** SOURCE DATA follows **

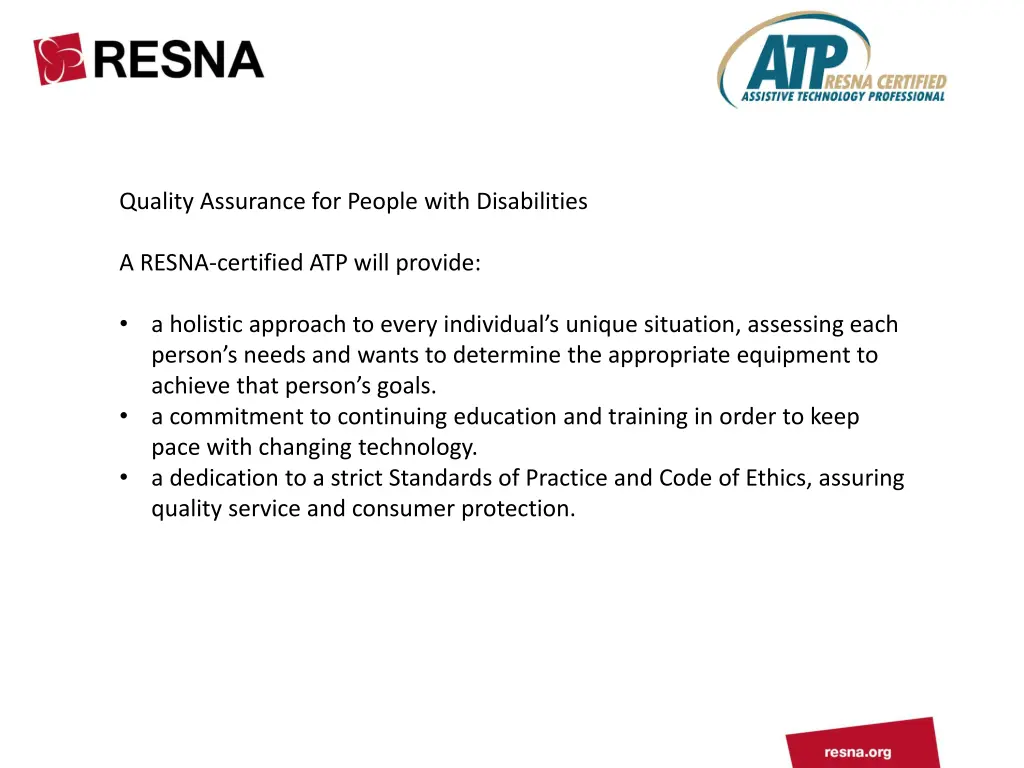 quality assurance for people with disabilities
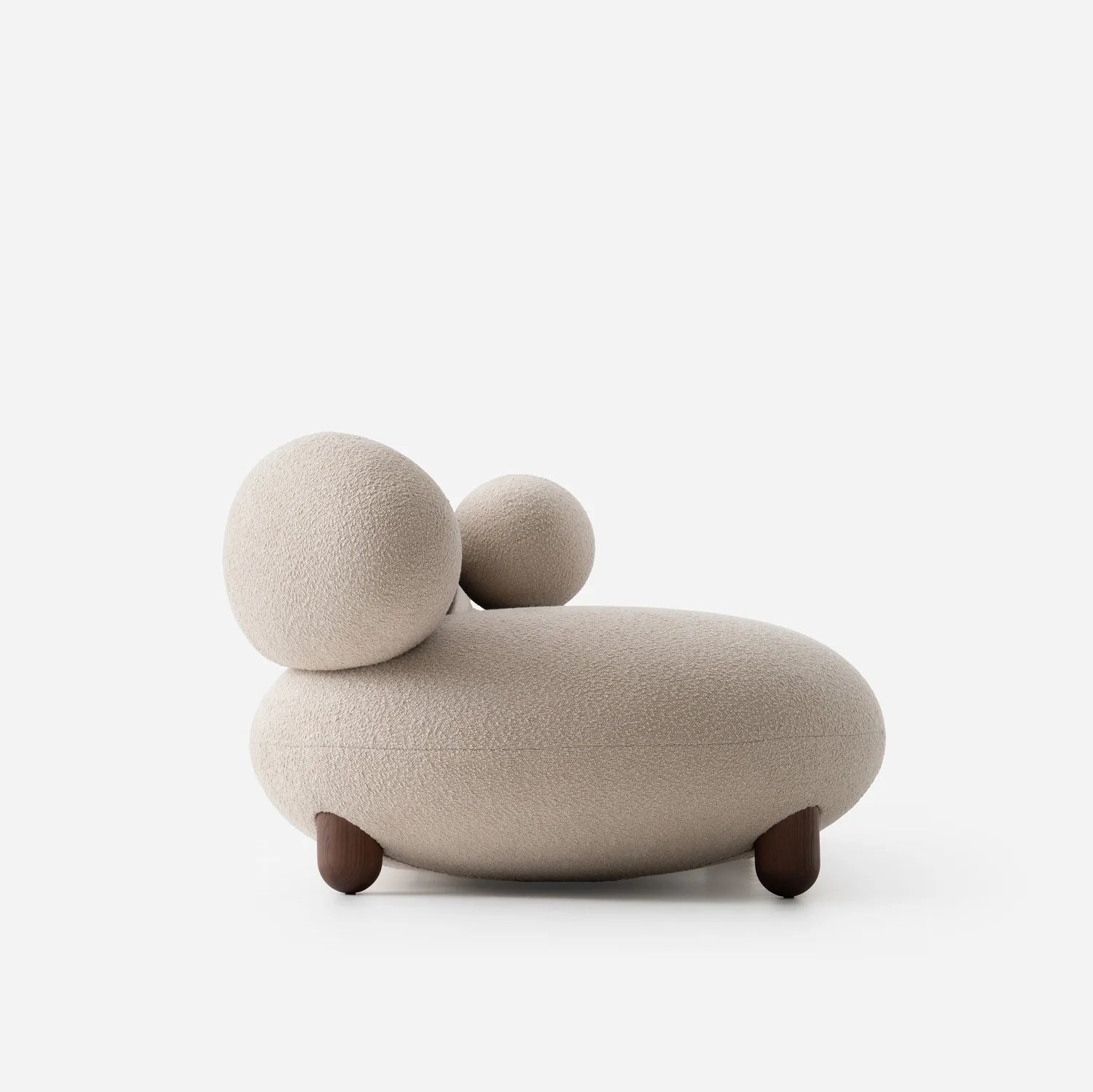 Upholstered FLOCK sofa with a wooden base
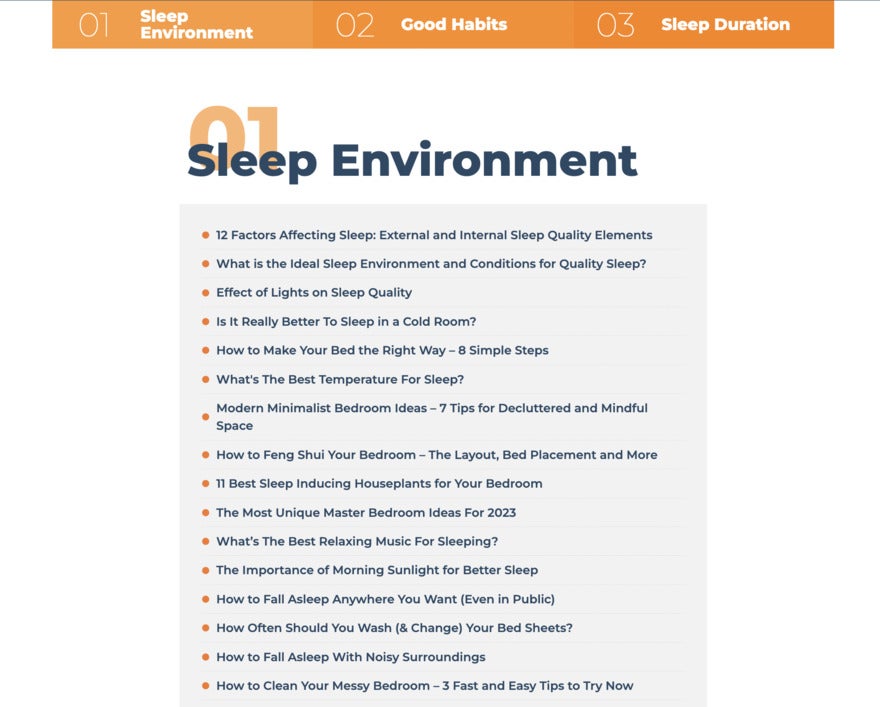 A simple white, black and orange website with a list called "Sleep Environment"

** End of SOURCE DATA **

The lines from the one that contains "Upholstered FLOCK sofa with a wooden base" through the end of the data, repeated exactly and with no pictures, make up the whole answer.

TASK RESULT
 Upholstered FLOCK sofa with a wooden base
 A simple white, black and orange website with a list called "Sleep Environment"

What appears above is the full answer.